#4159
Duke Leto
Participant

1. The assumption is that inter metro traffic would be handled by maglevs going in evacuated tunnels where there is no wind resistance, thus having a cruising speed in the 1000s of mph. Thus New England and Metro NY would each have their own regional commuter networks and somebody interested in living in Portland, Maine but working in Wilmington would in theory be able to do so by piggybacking from the super-MTA to the super-AMTRAK via Boston and then leaving super-AMTRAK to pick up super-SEPTA in Philly.
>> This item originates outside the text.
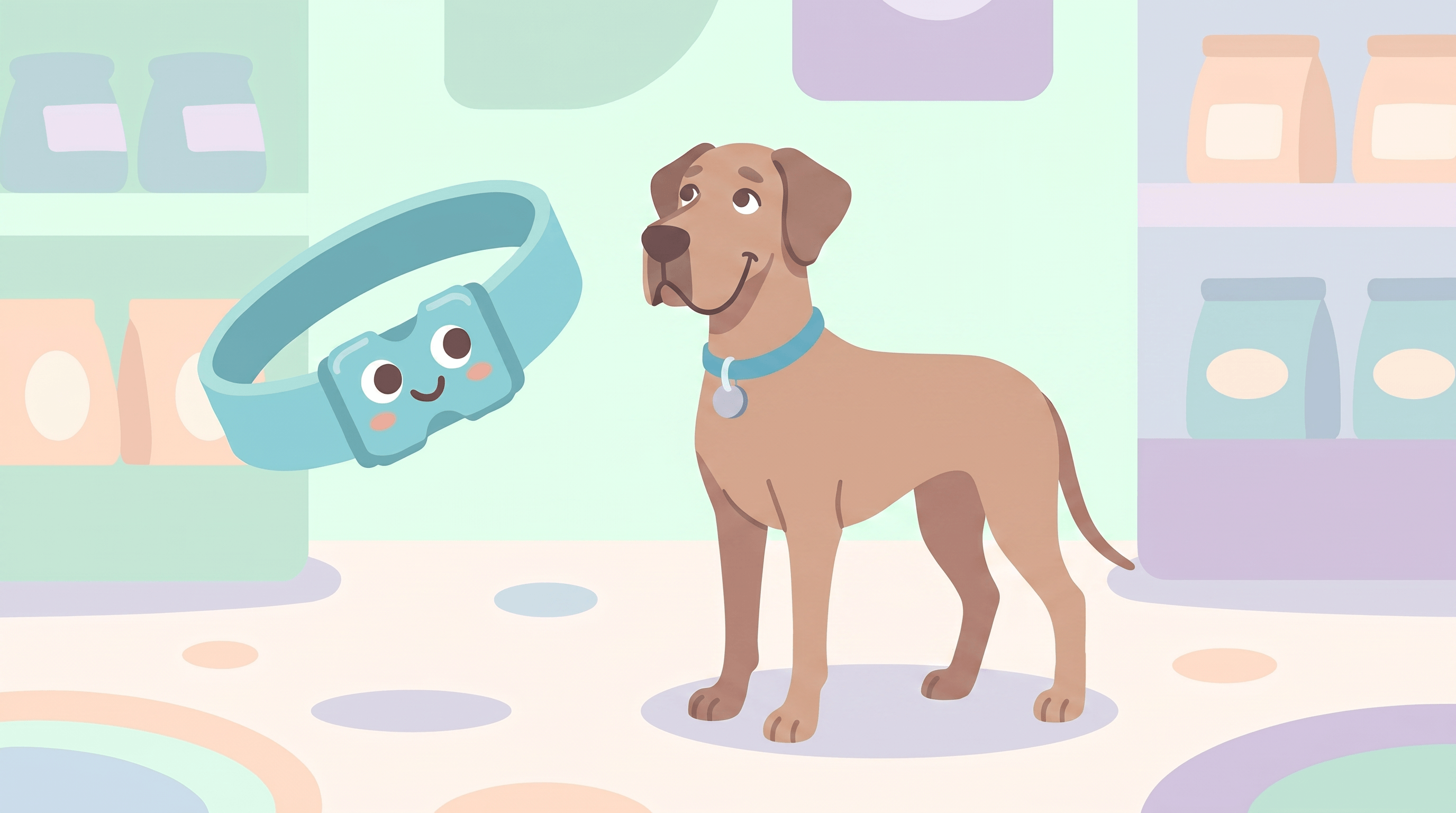 Illustration of a Great Dane wearing a Dazey collar beside the smiling Dazey collar mascot in a pastel pet shop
Realizing Eric’s vision of an inter-city supersonic network means buying AMTRAK and partnering with Union Pacific and the other freight carriers, not that that would be a big expenditure to the FF patentholder or a major headache for congress, which I think would be happy to rid itself of the current AMTRAK.

2. Remember that deceleration is handled by the same magnetic impulse motors that do acceleration on a MagLev train, so the decelerating force is equal to and opposite of the accelerating force and spread out over the same time period. (Slightly less if you have air resistance.) You’d probably start braking a bit after the midpoint of the 2.5 mile journey.

Let’s imagine this metricly and make 5 km do the work of 2.5 miles. Let’s say that our train has a constant accelerating force of .25 G acting on it during its acceleration period. MagLevs by definition have no wheel friction so it is only a question air resistance, and we’ll factor that out for the sake of argument. The entire train thus accelerates 2.5 m/s every second. This means that after 30 seconds, it is going at 75 m/s, which is 170 mph for those keeping track at home. Unless I’m really losing my Physics/Calc teeth after all these years, The integral over 0 to 30 of 2.5x is going to be 1.25x^2 or 1125 m, or a bit more than a fifth of the journey. Cut the accelerating force to .10 G and it goes all the way out to a 70 second acceleration period of 75 seconds and a distance of 2812 m, which is about when you’d want to start applying the equal and opposite decelerating force.

So the question is whether a quarter or a tenth of a G is going to be enough to knock people off their feet.